The dreaded “What’s next?!?”
- Sara Vladic

- Feb 11
- 2 min read
Inevitably, when you finish a book, and sometimes even before you finish, you get the question. What’s next?
Sometimes you know. Sometimes you do not. And sometimes you want to run screaming from the entire process and swear you will never write another book again.
I cannot speak for fiction authors. And the world of screenplays I’ve lived in is a very different world, but that is a whole other conversation. With nonfiction, it is not just storytelling, it is fact telling, and proving those facts, too. Hence the bazillion pages, or what feels like a bazillion pages, of endnotes in the new book.
In the case of The Dangerous Shore, this was not an expected next step after INDIANAPOLIS. Lynn and I were still out on the paperback book tour when a friend, Kirk Wolfinger, reached out to my agent with an idea for a book about USS Eagle PE-56. At the time, Kirk had been filming the Nomad Exploration Team, a dedicated group of amateur wreck divers. The team had just located the long-lost wreck of Eagle off the coast of Maine after years of searching. Their discovery revealed the ship resting some 300 feet below the surface.
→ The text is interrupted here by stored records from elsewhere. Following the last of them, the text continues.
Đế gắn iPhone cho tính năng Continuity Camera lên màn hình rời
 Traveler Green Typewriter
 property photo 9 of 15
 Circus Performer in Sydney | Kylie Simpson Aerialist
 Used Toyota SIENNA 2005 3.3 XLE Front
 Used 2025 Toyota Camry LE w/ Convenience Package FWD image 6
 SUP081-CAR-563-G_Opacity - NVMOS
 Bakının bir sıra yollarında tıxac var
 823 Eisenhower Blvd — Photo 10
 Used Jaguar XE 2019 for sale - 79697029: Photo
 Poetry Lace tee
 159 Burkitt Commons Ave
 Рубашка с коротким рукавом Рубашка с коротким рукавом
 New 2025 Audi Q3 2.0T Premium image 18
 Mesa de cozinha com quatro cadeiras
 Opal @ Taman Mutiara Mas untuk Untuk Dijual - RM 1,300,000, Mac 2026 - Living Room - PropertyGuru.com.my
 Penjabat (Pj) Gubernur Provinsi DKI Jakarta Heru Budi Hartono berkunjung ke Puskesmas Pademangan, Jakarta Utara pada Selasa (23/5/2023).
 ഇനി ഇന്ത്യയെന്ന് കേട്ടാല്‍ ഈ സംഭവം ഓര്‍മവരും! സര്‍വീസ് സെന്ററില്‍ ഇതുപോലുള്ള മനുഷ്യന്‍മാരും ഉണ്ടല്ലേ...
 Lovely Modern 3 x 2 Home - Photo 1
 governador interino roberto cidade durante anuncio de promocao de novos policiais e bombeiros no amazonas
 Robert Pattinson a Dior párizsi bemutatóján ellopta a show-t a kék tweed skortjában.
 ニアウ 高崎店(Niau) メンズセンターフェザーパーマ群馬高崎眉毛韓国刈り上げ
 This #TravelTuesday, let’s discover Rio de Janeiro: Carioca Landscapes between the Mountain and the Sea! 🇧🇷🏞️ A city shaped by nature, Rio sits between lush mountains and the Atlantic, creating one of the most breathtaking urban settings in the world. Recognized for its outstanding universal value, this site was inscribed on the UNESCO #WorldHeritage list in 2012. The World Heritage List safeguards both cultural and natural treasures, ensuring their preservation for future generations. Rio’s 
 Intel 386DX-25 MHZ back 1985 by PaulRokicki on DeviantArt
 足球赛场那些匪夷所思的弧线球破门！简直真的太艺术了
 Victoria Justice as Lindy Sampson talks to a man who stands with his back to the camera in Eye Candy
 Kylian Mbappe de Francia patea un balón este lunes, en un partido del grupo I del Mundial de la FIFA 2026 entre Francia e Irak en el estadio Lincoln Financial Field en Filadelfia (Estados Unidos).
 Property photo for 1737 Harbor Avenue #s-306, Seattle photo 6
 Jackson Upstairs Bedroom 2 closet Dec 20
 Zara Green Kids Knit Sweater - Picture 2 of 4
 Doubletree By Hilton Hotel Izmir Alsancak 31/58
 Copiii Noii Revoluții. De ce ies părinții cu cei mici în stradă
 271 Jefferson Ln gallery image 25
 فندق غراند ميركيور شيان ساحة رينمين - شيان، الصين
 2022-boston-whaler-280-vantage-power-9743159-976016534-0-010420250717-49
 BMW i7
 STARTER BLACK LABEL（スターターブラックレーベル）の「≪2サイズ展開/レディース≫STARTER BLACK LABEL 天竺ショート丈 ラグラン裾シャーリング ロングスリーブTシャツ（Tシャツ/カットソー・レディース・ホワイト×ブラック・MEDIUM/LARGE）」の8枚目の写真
Combined with years of research by historian and attorney Paul Lawton, this work helped set the record straight about what really happened during Eagle’s final days in April 1945.
I cannot give too much away, since Eagle plays an important role in The Dangerous Shore narrative. But I can say this. There were striking parallels between Eagle’s tragic end and that of Indianapolis. And after a lot of digging, I discovered there was far more to the story of this small World War I era sub chaser than I ever expected. Like Indianapolis, she had largely been remembered only for her final moments and the injustices that followed.
Eagle became one of the backbones of the narrative, woven throughout the story alongside another extraordinary ship of the era, SS Normandie. What can I say. I am a sucker for grand ships with incredible histories and tragic ends.
You will have to read the book to see how all of these glorious vessels are woven into a single story. A girl does have to sell some books, after all. But I can promise you this. By the end, you will care about these ships as much as I do.
And if you find yourself wanting to ask that familiar question hovering on the tip of your tongue, well… I may still be somewhere in the running and screaming phase of the process… but I am just beginning to tiptoe back into the realm of… what’s next?